News accounts say the teen sexted nude photographs of herself and engaged in sexually-based conversations with 36-year-old Kenneth Steffens.
The Sidney man was formally charged Friday with possession of child pornography.
“It’s here, it’s happening in Nebraska,” said Lincoln attorney Karen Haase.
Haase, who deals with social media issues regularly, spoke to middle- and high-school students on Oct. 20 in Gothenburg and to parents during a special presentation that evening.
The attorney, who works for Harding & Schultz, spoke about cyber-bullying, sexting and the hidden dangers of social media networks.
“Social networking is an important part of kids’ lives and parents need to be part of that,” Haase said, adding that parents who are not on Facebook need to join.
Facebook is a social network service and website on the Internet which allows people to communicate with each other.

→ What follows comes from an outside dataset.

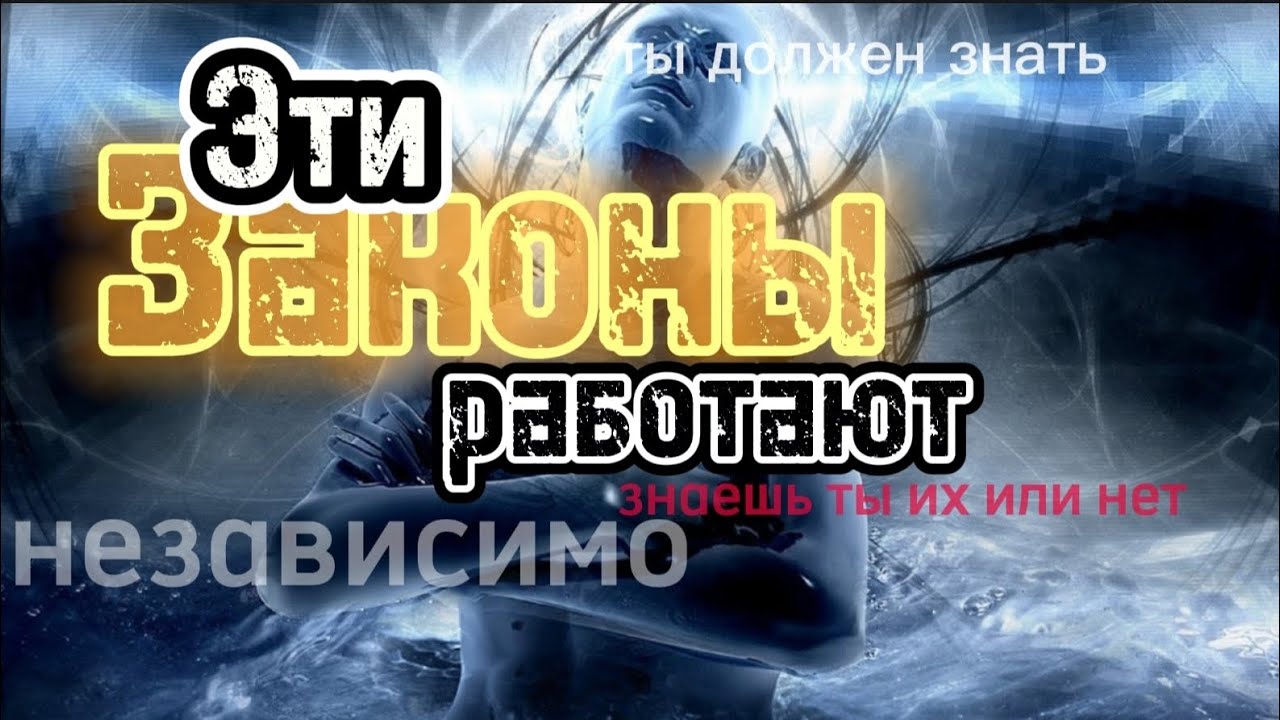 Законы мироздания, которые РАБОТАЮТ, независимо от того знаете ли вы о ...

She described sexting—a combination of sex and texting—as an act of sending sexually explicit messages or photos electronically, primarily between cell phones.

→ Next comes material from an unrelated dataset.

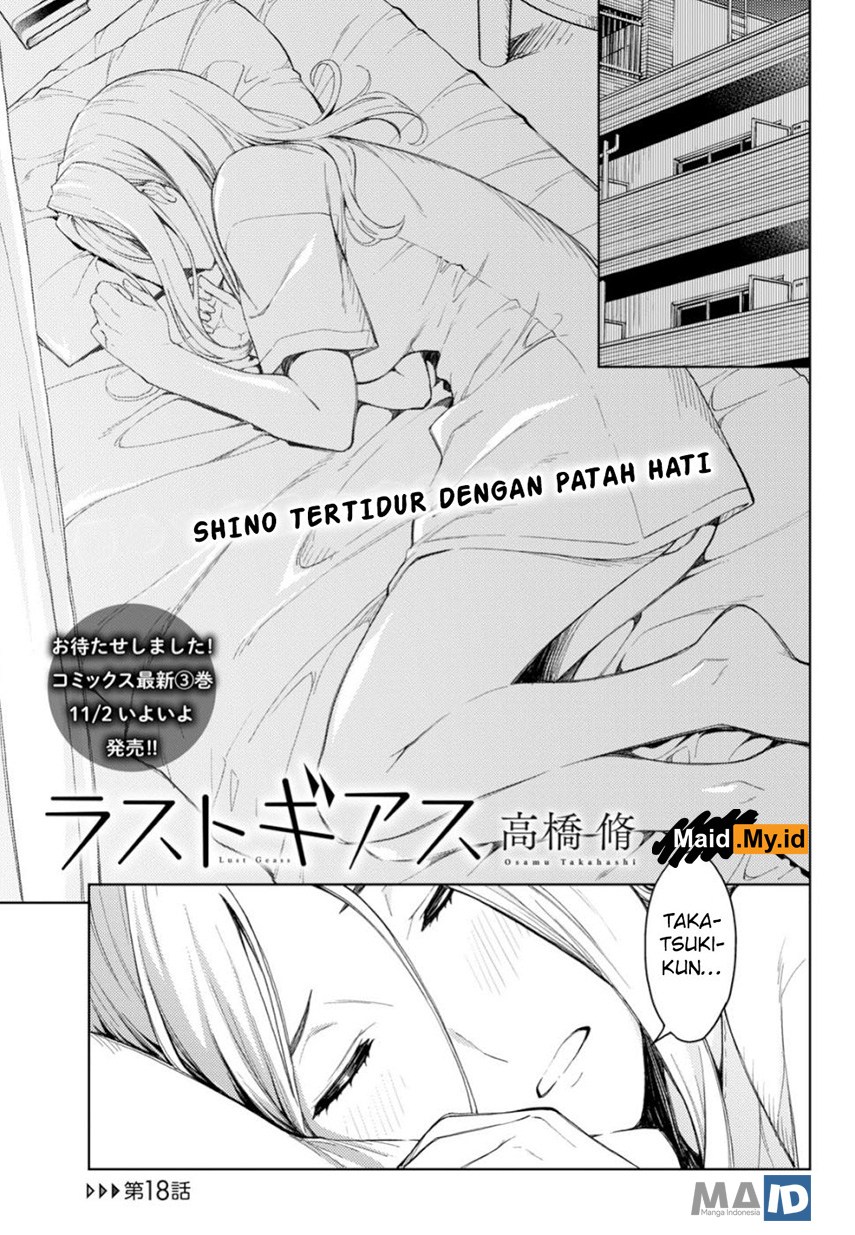 lust-geass - Chapter: 18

Although the sexting incident in Sidney happened after her presentation, Haase said in a phone interview Tuesday that it points to the fact that inappropriate use of cell phones and the Internet is on the increase.
In fact, national statistics reveal these percentages for who’s sending sexually suggestive photos:
39% of all teens
37% of girls
40% of boys
48% of teens say they have received sexting photos or messages
Haase shared an incident from Florida in which a girlfriend sent sexually suggestive photos to her boyfriend who forwarded the images to all of his contacts after he became angry with her.
The boy was convicted of distribution of child pornography and will remain on the sex offender registry until he’s 43 years old.
Cyber-bullying—or the use of technology such as a computer or cell phone to engage in deliberate, repeated and hostile behavior by an individual or group with intent to harm others—is also becoming widespread.
Haase shared an example of a conversation that took place through instant messaging.
Divagirl: “Hey loser, watch your back.”
tmt323: “What ru talking about?
Divagirl: “Why don’t you kill yourself while u r ahead?”
tmt323: “Why can’t you just leave me alone?”
Divagirl: “Ugly girls like u need to be put in their place.”
According to a 2008 report from the U.S. National Crime Prevention Council, 43% of teens are exposed to cyber-bullying in one form or another.
Yet, only one in 10 kids told their parents.
Haase said students and parents can be sued for cyber-bullying which if often covered by homeowners insurance.
The suit can be for intentional infliction of emotional distress, tortuous interference or for slander.
Haase started giving presentations about the dangers of social media through her work as a school attorney.
“Kids got into trouble and parents didn’t have a clue,” she said. “They don’t realize it’s an area where they need to parent their kids.”